Die musikalische Begabung wurde dem vielseitigen Musiker wohl schon in die Wiege gelegt. Der fünfjährige Dorfbub aus Vielau spielte bereits Akkordeon, was ihm dann als Abc-Schütze sofort einen Platz in der vordersten Schulbank einbrachte. "Eine neue Welt öffnete sich mir, als ich mit 12 Jahren die Musik von Bach entdeckte", entsinnt er sich. Sein Lebensweg, ein wenig steinig bisweilen, führte ihn über den Hilfsarbeiter zur vierjährigen Ausbildung an die 1948 in Zwickau eröffnete Robert-Schumann-Akademie, wo er Violine, Klavier und Dirigieren studierte. Von 1952 an folgte eine strenge und gründliche Ausbildung an der Leipziger Musikhochschule, vor allem in Kompositionslehre bei Ottmar Gerster, dessen Meisterschüler er wurde und im Kontrapunkt bei Arnold Matz. Bereits zuvor hatte der Student sein erstes Werk der Musica sacra, eine Passionsmusik, komponiert. Nach dem Staatsexamen folgten Jahre des Verarbeitens vielfältiger Eindrücke, des Suchens und Experimentierens. Die Anstellung als Geigenlehrer an Musikschulen in Aue und Glauchau brachte dem seit 1950 mit einer Zwickauer Pianistin Verheirateten nicht die ersehnte Erfüllung doch nebenberuflich fand er als Kantor an der Kirchberger Kirche St. Maragareten das anregende Arbeitsfeld, was ihn allerdings damals die Missbilligung seiner staatlichen Vorgesetzten einbrachte.
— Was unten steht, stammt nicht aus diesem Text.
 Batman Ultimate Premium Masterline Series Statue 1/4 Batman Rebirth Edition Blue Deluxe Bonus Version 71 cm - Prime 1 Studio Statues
Domkantor an St. Marien in Zwickau
1962 bewarb sich der junge Musiklehrer um das Amt des Domkantors an St. Marien und wurde in Nachfolge des Nestors der Kirchenmusik, Johannes Schanze, berufen - zu enger Zusammenarbeit mit dem damaligen Domorganisten Günter Metz - und fand so das ersehnte Umfeld für die eigene kirchenmusikalische Tätigkeit. Eine Weihnachtsgeschichte für Soli, Chor und Instrumente, eine "Geistliche Chormusik", vielerlei gottesdienstliche "Gebrauchsmusik" für die eigenen Chöre, das Oratorium "Daniel", "Missa brevis", die Messe Nr. 4 (Deutsche Messe), das 1973 vollendete Requiem und vieles andere waren gelungen Versuche des jungen Domkantors, die ewigen Glaubenswahrheiten dem Menschen von heute in der ihm verständlichen Sprache nahezubringen. Sein erfolgreichstes Werk, das im In- und Ausland über 30mal aufgeführt wurde und viel Anerkennung fand, ist die "Geschischte von Jona und der schönen Stadt Ninive" (1976), ein vergnüglich-nachdenkliches Kammeroratorium mit hintergründigem Witz. Wenn der Domkantor jahrzehntelang viele Konzerteinladungen aufgrund der politischen Verhältnisse im Land nicht wahrnehmen durfte, so öffnete ihm endlich die Festmusik "Da pacem" über Glockentöne und Sprüche des Baseler Münsters und des Zwickauer Doms, die 1985 in Basel uraufgeführt wurde, das "Tor zur Welt". Die Erstaufführung in der Heimatstadt erfolgte drei Jahre später.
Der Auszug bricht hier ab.